As my Fool colleague Brendan reported, the new rules will also require investors and super funds to pay back franking tax credits attached to special dividends received all the way back to December 2016.
Wilson says it's a cash grab and the first step in dismantling the franking system, according to an article in The Australian.
Changed ASX dividend rules to disadvantage growth shares
Wilson said:
If you stop every growth company that raises capital from paying a fully franked (special) dividend, that's a big segment of the Australian corporate sector and puts growth companies at a big disadvantage.
It should have been off the table for a generation, for 30 years … this is the start of the dismantling of the Paul Keating-introduced franking system.
The retail investor will certainly be impacted by the retrospective nature of this. They'll get a letter from a company saying 'the dividend you got wasn't franked so you've actually got to pay tax on that'.

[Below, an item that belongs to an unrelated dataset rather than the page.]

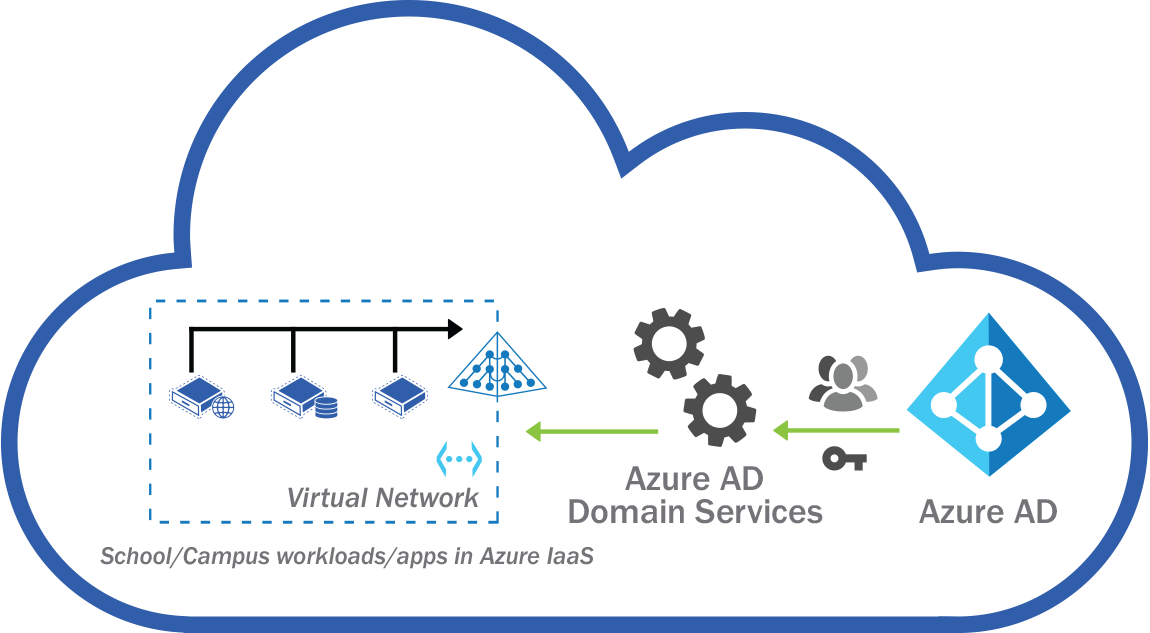 Creating managed Azure AD  Domain Services in Azure and adding a machine to that domain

The government says the measure will save $10 million a year. But Wilson reckons it will be billions.
Wilson said:
Treasury thinks this will bring in $10m (a year) … but because of the broad wording of the (proposed legislation), and it really comes down to the tax office's interpretation and its ability to put pressure on large corporate companies, we think the figure could run into the billions by making it retrospective to 2016.
Wilson said he'd fight the proposed legislation with "the same amount of resources as we did in 2019".
He's referring to the previous federal election when Labor promised to abolish franking credit cash refunds. The Liberals dubbed it a "retiree tax" because it would have affected retirees the most.
What is the government's point of view?
The Federal Treasurer, Jim Chalmers, described the legislation as "a very minor measure", according to the article.
Labor says it merely closes a loophole companies use to pay out excess franking credits on their books.
The draft proposal says: "The object of the frankable distribution rules is to ensure that only distributions equivalent to realised profits can be franked".
The current loophole allows companies to use capital raisings to fund franked special dividends. This allows them to release excess credits above their earnings in a given period.
Chalmers points out that the Coalition Government initially proposed the measure in 2016.
The legislation is now open for public comment until 5 October.
The proposed changes will not impact ordinary dividends. ASX dividend shares will still be able to pay special dividends without franking.
The S&P/ASX 200 Index (ASX: XJO) is down 0.22% at the time of writing.